* TASK DETAILS:
Would you reproduce every record exactly, leaving out the pictures?

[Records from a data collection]
-- Opening Marker --
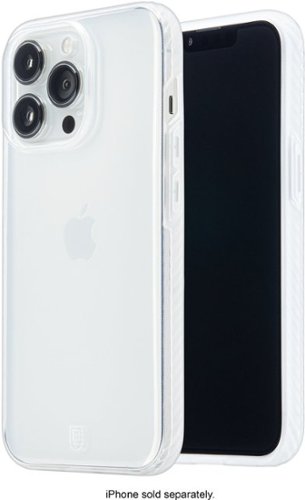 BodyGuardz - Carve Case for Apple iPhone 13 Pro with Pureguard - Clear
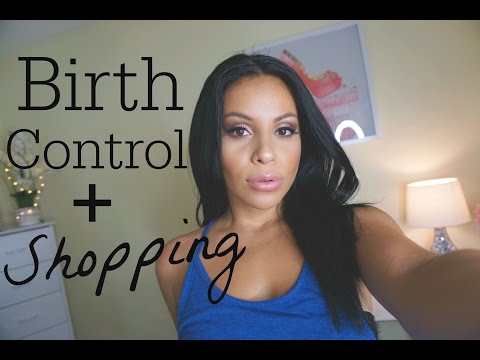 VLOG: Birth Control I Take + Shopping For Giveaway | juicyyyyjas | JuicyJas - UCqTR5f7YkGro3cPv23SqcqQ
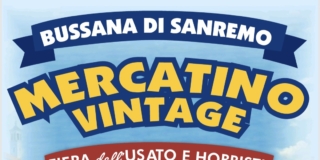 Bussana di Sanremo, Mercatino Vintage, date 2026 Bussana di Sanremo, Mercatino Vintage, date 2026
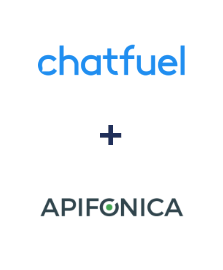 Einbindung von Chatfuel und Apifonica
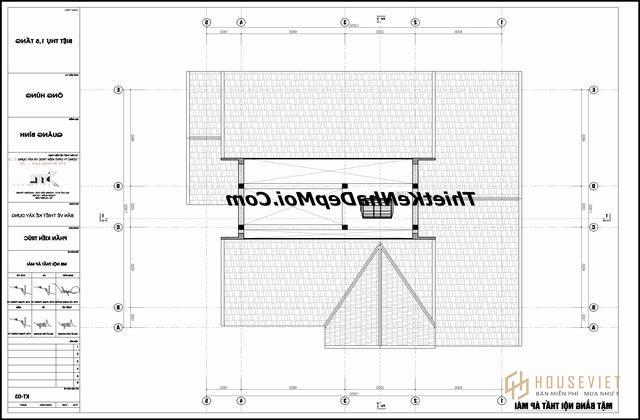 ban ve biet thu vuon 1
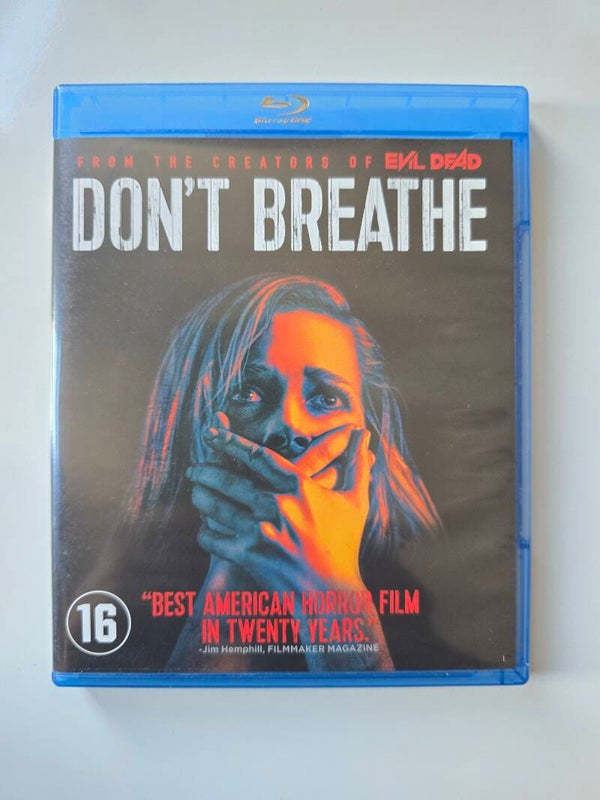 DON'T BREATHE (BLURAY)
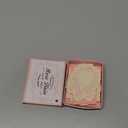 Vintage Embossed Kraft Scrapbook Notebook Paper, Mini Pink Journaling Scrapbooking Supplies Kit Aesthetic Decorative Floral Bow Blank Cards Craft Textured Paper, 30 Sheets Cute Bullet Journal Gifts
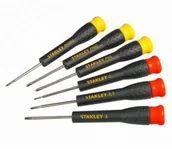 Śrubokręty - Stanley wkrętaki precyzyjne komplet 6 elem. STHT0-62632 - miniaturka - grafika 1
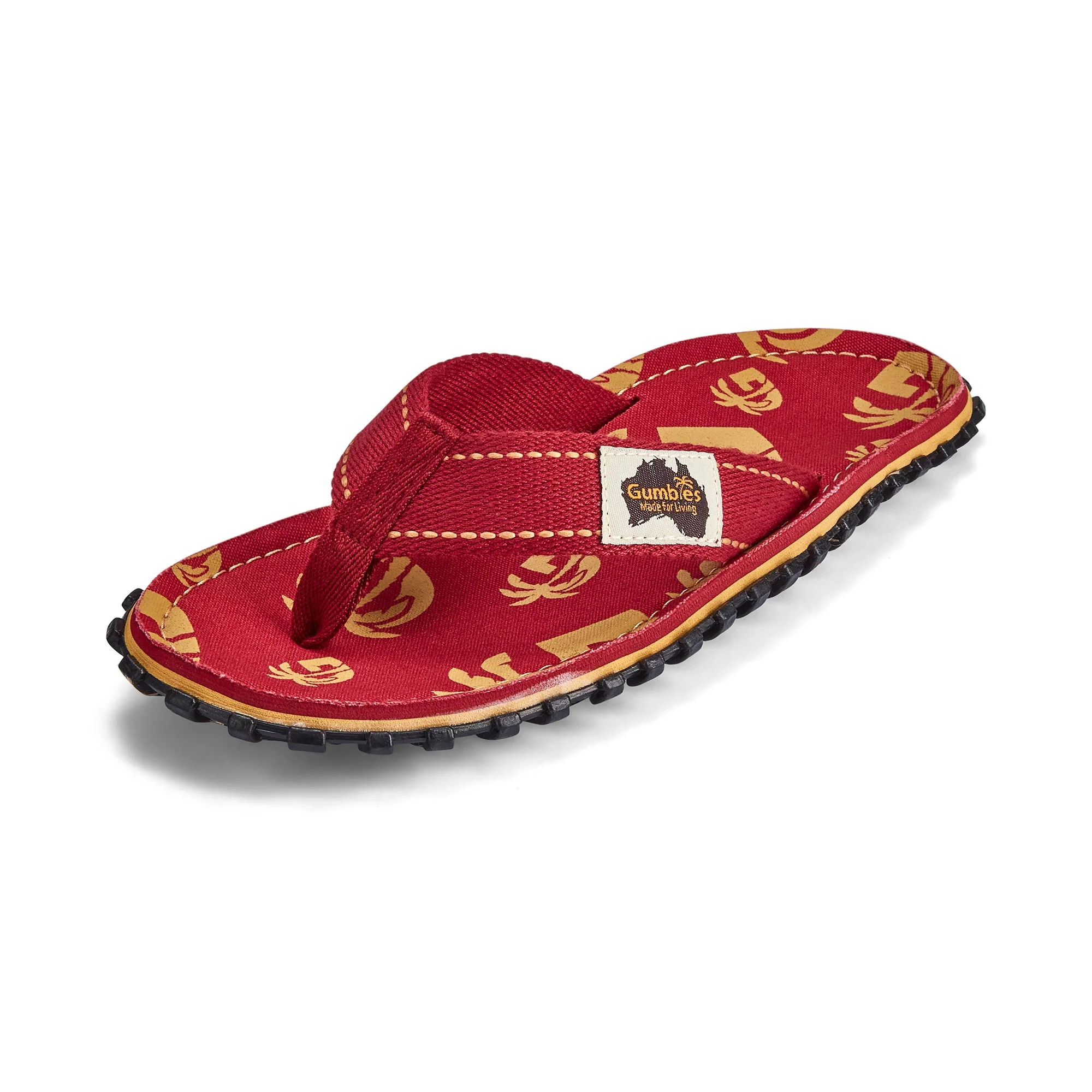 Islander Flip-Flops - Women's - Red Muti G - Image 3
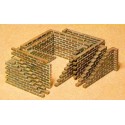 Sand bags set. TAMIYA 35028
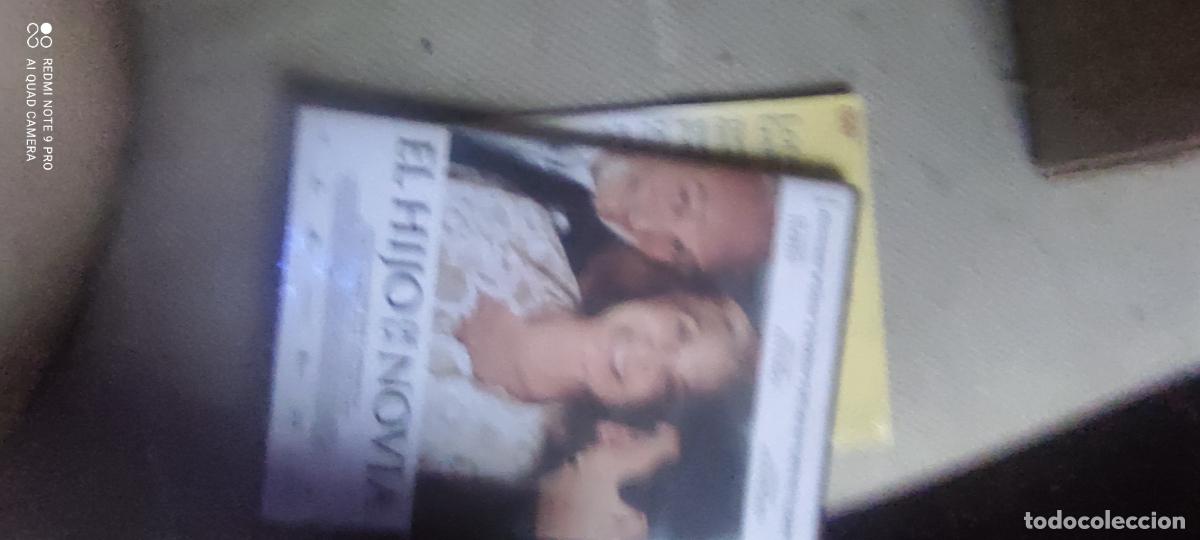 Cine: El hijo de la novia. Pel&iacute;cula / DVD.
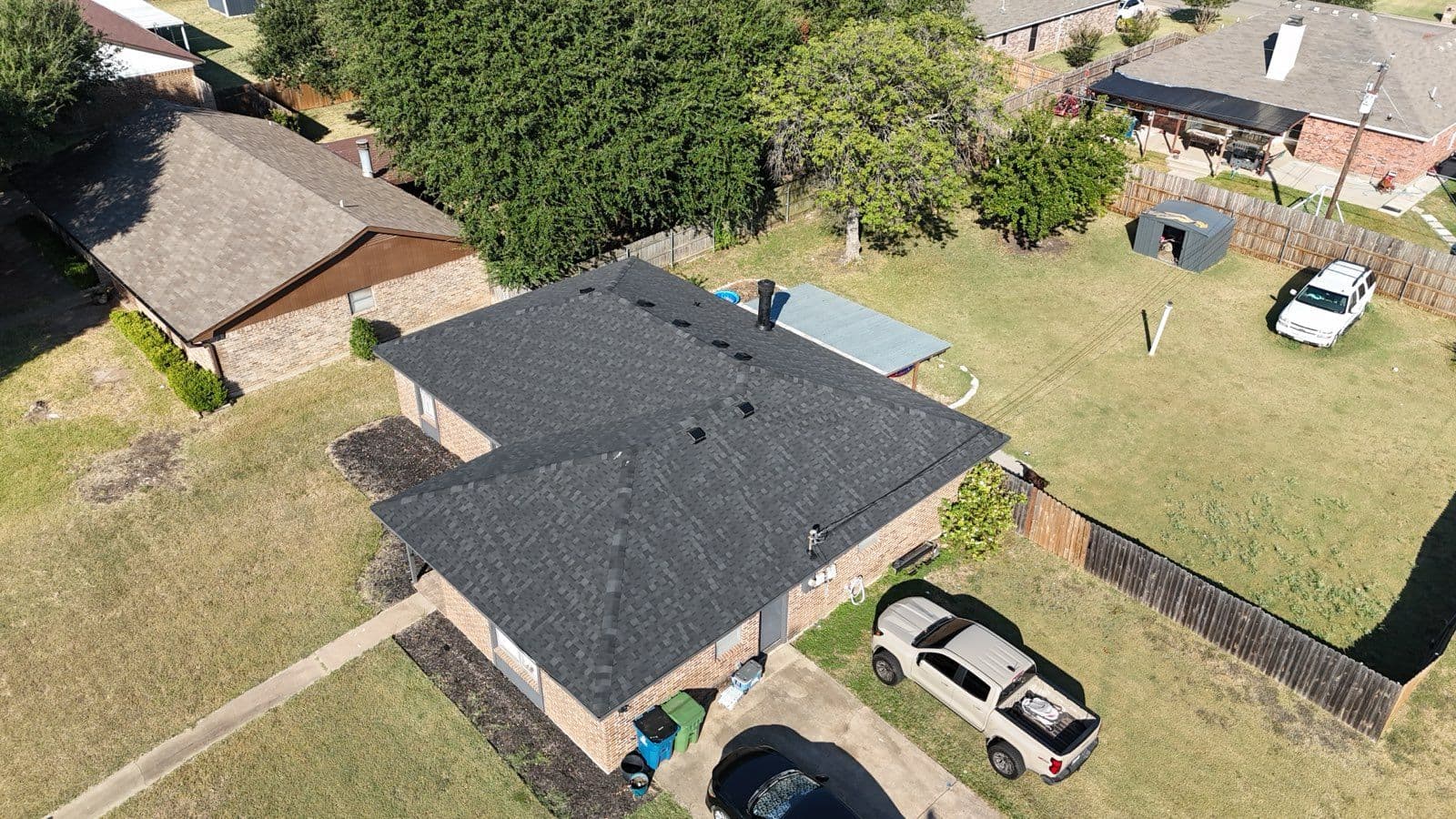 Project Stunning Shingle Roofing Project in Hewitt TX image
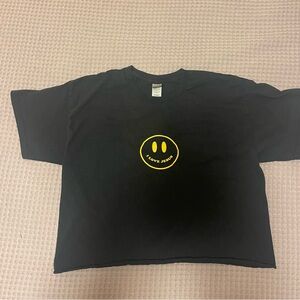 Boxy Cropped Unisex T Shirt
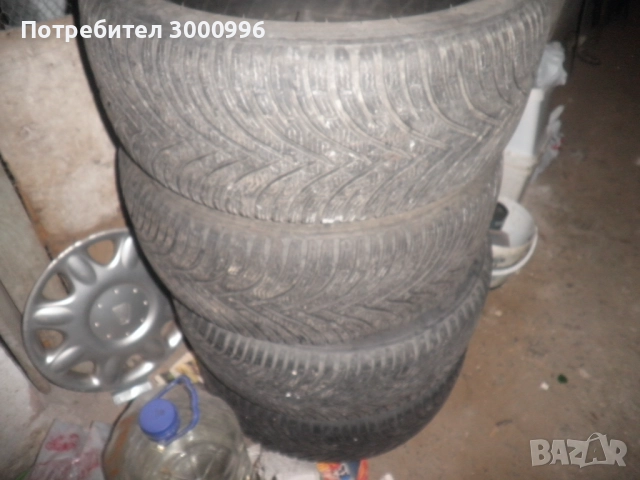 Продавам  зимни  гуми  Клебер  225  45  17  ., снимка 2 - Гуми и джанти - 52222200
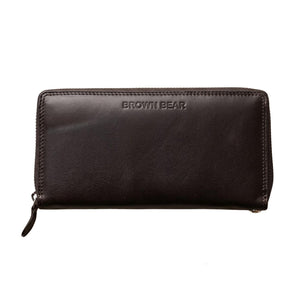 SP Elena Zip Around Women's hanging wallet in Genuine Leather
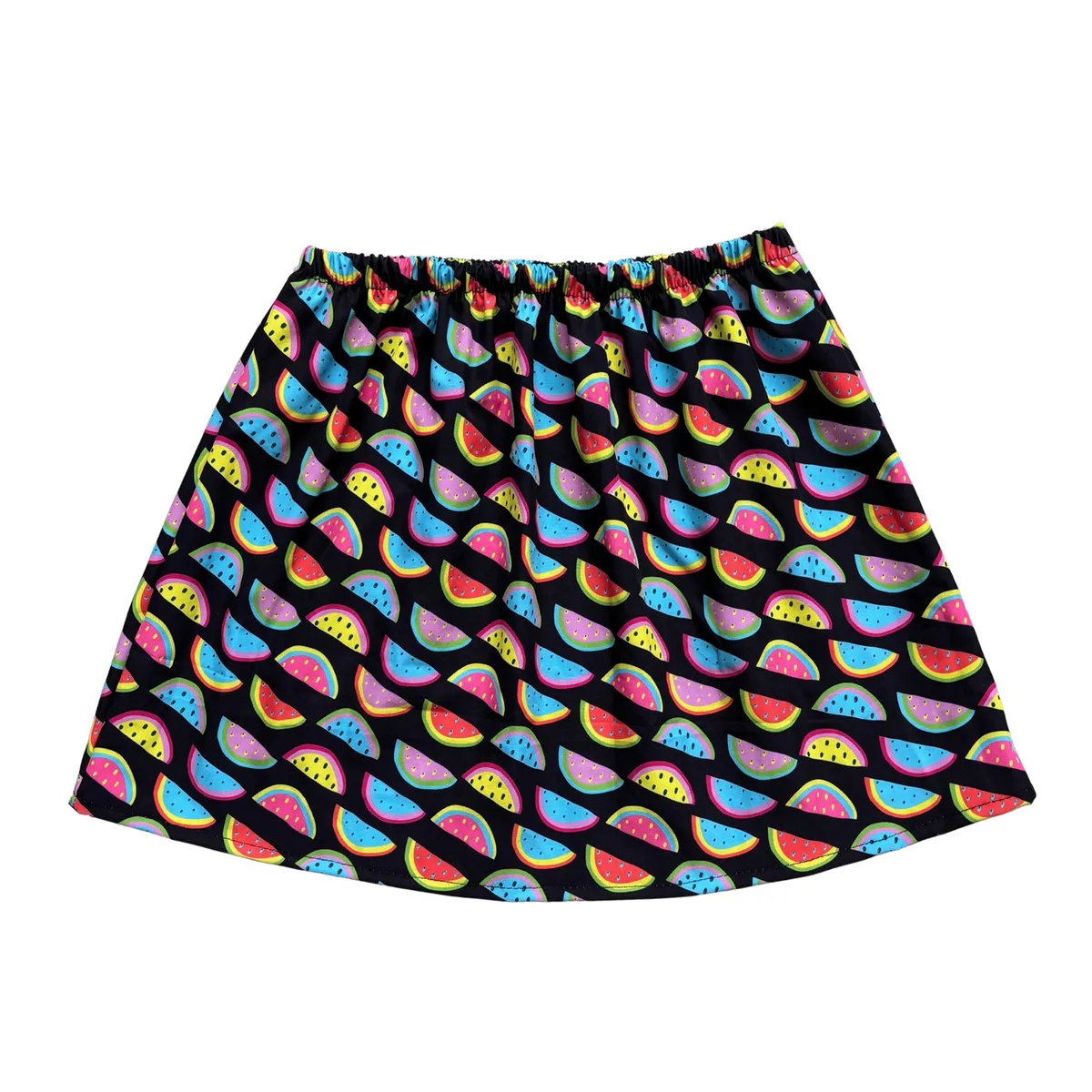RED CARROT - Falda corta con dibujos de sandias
-- Closing Marker --
* TASK OUTPUT:
 BodyGuardz - Carve Case for Apple iPhone 13 Pro with Pureguard - Clear
 VLOG: Birth Control I Take + Shopping For Giveaway | juicyyyyjas | JuicyJas - UCqTR5f7YkGro3cPv23SqcqQ
 Bussana di Sanremo, Mercatino Vintage, date 2026 Bussana di Sanremo, Mercatino Vintage, date 2026
 Einbindung von Chatfuel und Apifonica
 ban ve biet thu vuon 1
 DON'T BREATHE (BLURAY)
 Vintage Embossed Kraft Scrapbook Notebook Paper, Mini Pink Journaling Scrapbooking Supplies Kit Aesthetic Decorative Floral Bow Blank Cards Craft Textured Paper, 30 Sheets Cute Bullet Journal Gifts
 Śrubokręty - Stanley wkrętaki precyzyjne komplet 6 elem. STHT0-62632 - miniaturka - grafika 1
 Islander Flip-Flops - Women's - Red Muti G - Image 3
 Sand bags set. TAMIYA 35028
 Cine: El hijo de la novia. Pel&iacute;cula / DVD.
 Project Stunning Shingle Roofing Project in Hewitt TX image
 Boxy Cropped Unisex T Shirt
 Продавам  зимни  гуми  Клебер  225  45  17  ., снимка 2 - Гуми и джанти - 52222200
 SP Elena Zip Around Women's hanging wallet in Genuine Leather
RED CARROT - Falda corta con dibujos de sandias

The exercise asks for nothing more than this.